Objectives: To enable the students to understand buoyancy and how it helps the objects
to float.
Prior Knowledge: The students will have the prior knowledge that the weight of an
object is the gravitational force with which the object is attracted towards the Earth and it
can be measured in Newton. The students know how to calculate the volume of the
substance. The students know what is density and how can it be calculated using mass
and volume.
Teacher Demonstration through hands on activity: First the teacher will demonstrate
using a beaker of water and a container that will float in water. The teacher will put one
dollar coins in the container floating in water. The teacher will continue this activity till
the container sinks to the bottom. Here the teacher will ask the student that why
increasing the weight of the floating container made it to sink. This will raise an
important question in the students’ mind about how weight affects the floatation and
sinking of an object.
The Archimedes Principle : The teacher will then tell the student that gravitational force
attracts the objects towards the Earth. When an object is immersed in water its tendency
is to sink, but the water exerts an upward force called the buoyant force on the object
which is equal to the weight of the water displaced by the object. The object can float
only if the water exerts a force which is equal to the weight of the object. The object
keeps floating as long as the net force on it is zero. If the weight of an object exceeds the
buoyant force the object sinks.
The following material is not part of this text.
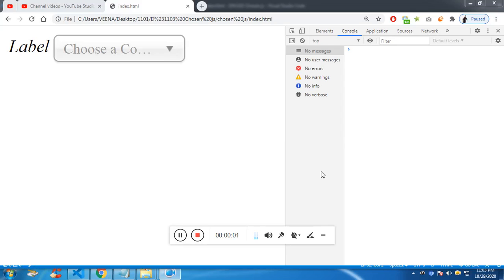Alright YouTube, in this video I am going to show you how to use chosen.js. So chosen.js is simply a modern combo box.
This is the principle behind the floatation or sinking of
objects in a liquid. This principle is called the Archimedes principle.
Then the teacher will direct the student to do the activity using the
Instructions for working on the simulation:
1.Login the website.
2.In the search box enter the name Archimedes principle.
3.From the search result, select the Archimedes Principle gizmo and click on Launch
4. Study the equipment available for conducting the experiment.
a. The Graduated cylinder (for collecting the displaced water)
b. Water tank (that represents the ocean)
c. A cubic container that is floating in the water tank (represents ship)
d. 50g cubes on the right side to increase the weight of ship.
5. The measuring instruments are the :Graduated cylinder, water line (to know how much
the ship has immersed in water), show data check box (to see all the measurements).
6. Dimensions of the ship, weight of the ship and the density of the liquid in the water
tank can be increased or decreased.
7. Increase the width, length and height of the ship to 10 cm by dragging the right side
bar. Keep the density of liquid in water tank to 1g/ml.
8. Start adding the 50g cubes to the ship which has initial weight zero.
9. Each time after adding the 50g cube. Note all your reading in the table below.
10. Keep adding the cubes till the ship sinks.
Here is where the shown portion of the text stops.